The alarm rings. It’s 6:30 a.m. and the day is about to begin, regardless of whether I have slept less than two hours or not. Three out of the six children were up with fevers and nightmares. One wet the bed, another needed a hug and one was in desperate need of Motrin and a breathing treatment. In the early hours of the morning, you don’t seem to consider how this might affect the next day. It’s a matter of love and, so, you do what you need to do.

As I rub my bleary eyes and stretch my weary muscles, trying to motivate my tired body to start another day, there is a choice that needs to be made. It’s a moment of grace if one remembers to perceive it as such. I could start this day in the condition I am in, tired and cranky. Or, I could acknowledge the grace that flows from the simple act of rising to a new day. For that matter, I could reflect on the grace that was given all through the night to sustain me and bring me to this new day and say, “Thank You.” The question is, will I?

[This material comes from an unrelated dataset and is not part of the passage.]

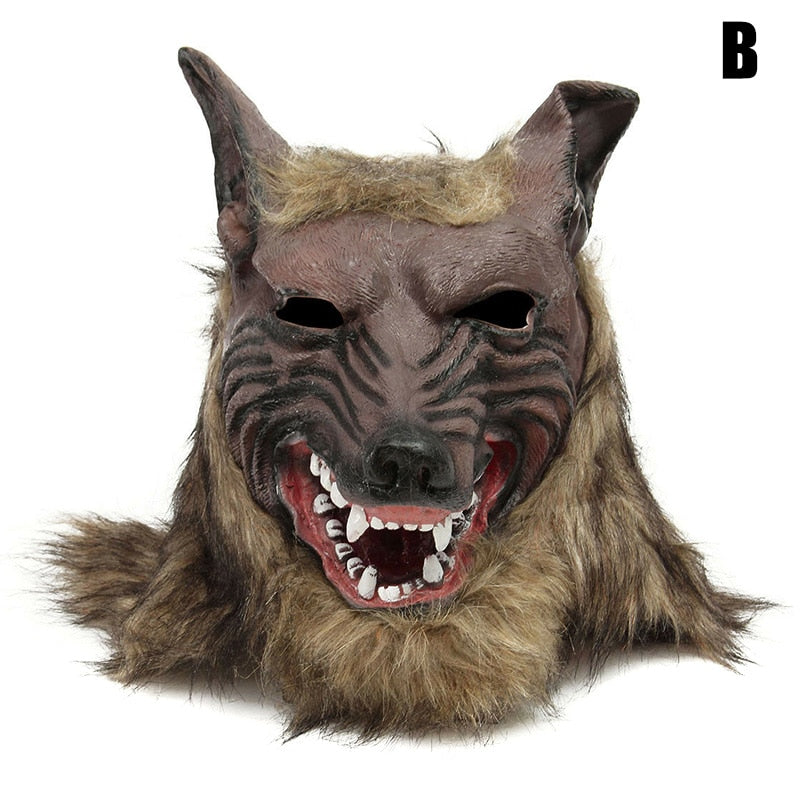 Halloween Latex Rubber Wolf Head Hair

Today, it is all too common for us to want to choose the easy path to temporal happiness. The value of sacrifice in what we do each day is lost on a world that desires temporal pleasure and immediate gratification. It is easier to have a small family. Is it really? It is easier to allow someone else watch my children while I work to support a lifestyle that makes me “happy” or provides all the comforts and pleasures that I desire. Should I? It is easier to have no moral code, no sense of honor, no one to tell me, “NO!” At what price? It is easier to do what I please, rationalizing that the choices I make only affect me and not those around me. Sure, I can rationalize all that happens to me and take away the burden of responsibility that belongs to who I am and what I do. What will I gain without accountability and consequences?

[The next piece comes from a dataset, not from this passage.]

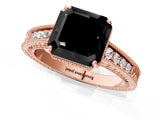 Rose gold Fancy Black Asscher Cut Cut Diamond Milgrain Pave Band Four-Prong Setting Ring_4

Our decisions in life matter. They have an impact on who we are and what we do. For instance, I am woman, not lacking a personal identity. It’s important that I sleep and take care of myself. I am a wife and mother with people who depend on me. For this reason, it is essential to recognize that what I do has a much higher calling than simply serving my own personal desires and requires self-sacrifice. Most importantly, I am a child of God who is sustained by His love through His free and benevolent gift of grace. Without this awareness, I am likely to try and live my life doing my own will, which will inevitably lack fruitfulness and joy without God’s grace.

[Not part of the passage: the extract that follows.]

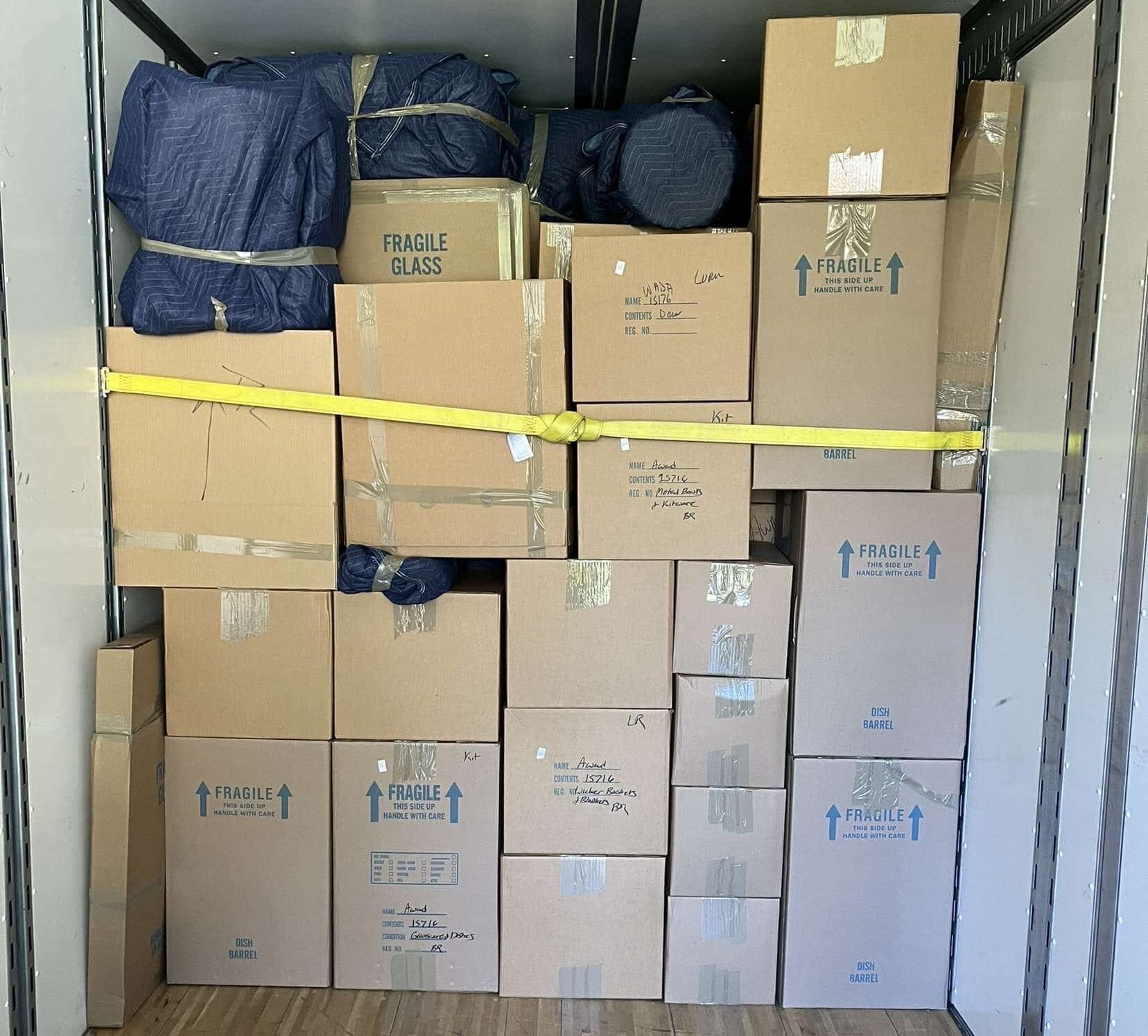 a moving truck full of boxes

How many times have I said no to His gift of grace? There are too many times to count, I am certain. I feel embarrassed by that fact, and yet, more loved by God than ever because He says through the Sacraments, “I love you and I want you with Me.” Even though I am sinful, He offers forgiveness and the promise of another chance to do things well. There is always hope and an abundance of grace waiting for me by following the example of Our Blessed Mother in saying yes to God in all things. Then will I carry my cross with great joy and peace understanding with even greater conviction the words of my Savior in the Garden of Gethsemane before his Passion: “…My Father, if it is not possible that this cup pass without my drinking it, your will be done!” (Mt 26:42).

No matter the circumstances, be it lack of sleep or even things far more serious, God’s grace is the key to peaceful acceptance of our vocation as wife and mother.

© KLV -- 2009

1 comment:

Allison said...

Just the reminder I needed on a morning after a not so restful night. Thank you Kathy!